My cousins are sitting around him cutting paper and entangling the thread in the sticks. My grandpa is concentrated giving directions: “The most important thing is to put the bridle right. Otherwise, it won’t fly straight”, he says with much conviction. I find myself concentrating cutting paper when Chichi arrives with the cooked cornstarch that we are using as glue still warm from the heat of the stove. I like the smell of it, I wonder if tastes good. Chichi seems to guess my thoughts and tells me: “Do not even think about trying it girl, you surely will get worms in your belly if you eat it!”
Sitting on the floor, I think that my kite will be blue like the sky and will dance with the wind.
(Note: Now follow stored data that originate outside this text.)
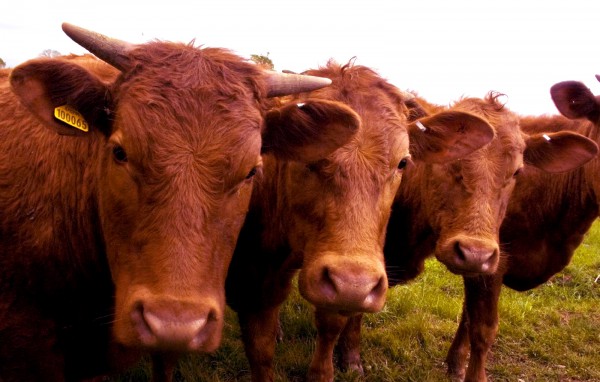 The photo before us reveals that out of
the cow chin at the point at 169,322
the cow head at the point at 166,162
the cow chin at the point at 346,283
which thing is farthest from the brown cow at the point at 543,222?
the cow chin at the point at 169,322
I am so concentrated and happy doing my tasks that I do not realize when my cousin Jose sits next to me and with his naughty little smile he asks me: “Does it hurt no longer, weeping girl? “
-” Leave me alone! I’m doing my kite, or I tell my aunt to punish you again.”I tell him.
– “Come on, don’t be like that!” Still laughing, he turns his attention to making his red kite.
After an hour of hard work, my cousins and I are ready with our kites. However, my aunt Gilda tells us that we can not leave if we have not had lunch. All excited we sit at the table eating the beans and pork she prepared as quickly as possible. We stuffed in the beans and tortillas, and almost choked on the horchata drink.
-“We are ready, we are ready!” We all chant in one voice.
-“Wait a moment kids,” says my uncle, Joaquin. “We will kill two birds with one shot and will also play baseball!.” He grabs the bat and the balls and decides to take the older cousins with him while my mom and grandpa take me, my little brother, and my little cousins to fly kites. Jose hesitates, trying to choose. In the end, he decides to do both, as, according to him, he is the best player on the team.

Once on the beach, we are ready to fly the kites. Grandpa wants to set the example. As tall as he is, he stretches to let go of the thread and skillfully gives two little twitches and lifts it in the air. His kite is a yellow pentagon with a rainbow tail. I see him from a distance. He seems like a giant wearing a silver hat to me. For a moment I see my mom looking at him, and I imagine her as a child running and playing with him on the beach. I can hear my cousins laughing, I see them running as fast as they can from base to base, so they won’t burn their feet with the hot sand. The kites illuminating the sky, my brother running after me trying to reach my blue kite and my mother sitting looking out to the sea with grandpa next to her. Stop! I freeze the scene: I save this moment forever.
As the sun goes down, the sky turns orange and violet. Is time to leave, it’s getting chilly.
My brother walks away with short, quick steps behind mom, holding his green bucket full of shells and snails. My cousins are running like crazy because everyone wants to get back first to enjoy their french toasts with butter and sugar and their chocolate drinks.
I stay behind, walking with Grandpa. Almost at home, he asks me if I had a good time this month if I enjoyed the beach and if I am ready to go home to Dad in the City. I say “no, I like the beach more, even though my cousin Jose bothers me all the time.”
Suddenly he looks tired; I do not see him as a giant from a while ago, I feel his hand on mine, so big, so warm. When I arrive, I take my chocolate drink, nothing like ending a good day with a cold chocolate drink. My legs do not hurt anymore, I just feel my face sunburned by the sun and my body exhausted from such an exciting day.
Cling, clang, I feel the wind on my face.
Cling, clang, I am flying through the clouds.
Cling, clang, little by little I go lulled by the swing of the hammock, I close my eyes, and I think, “there are no holidays like the ones at the beach house!.”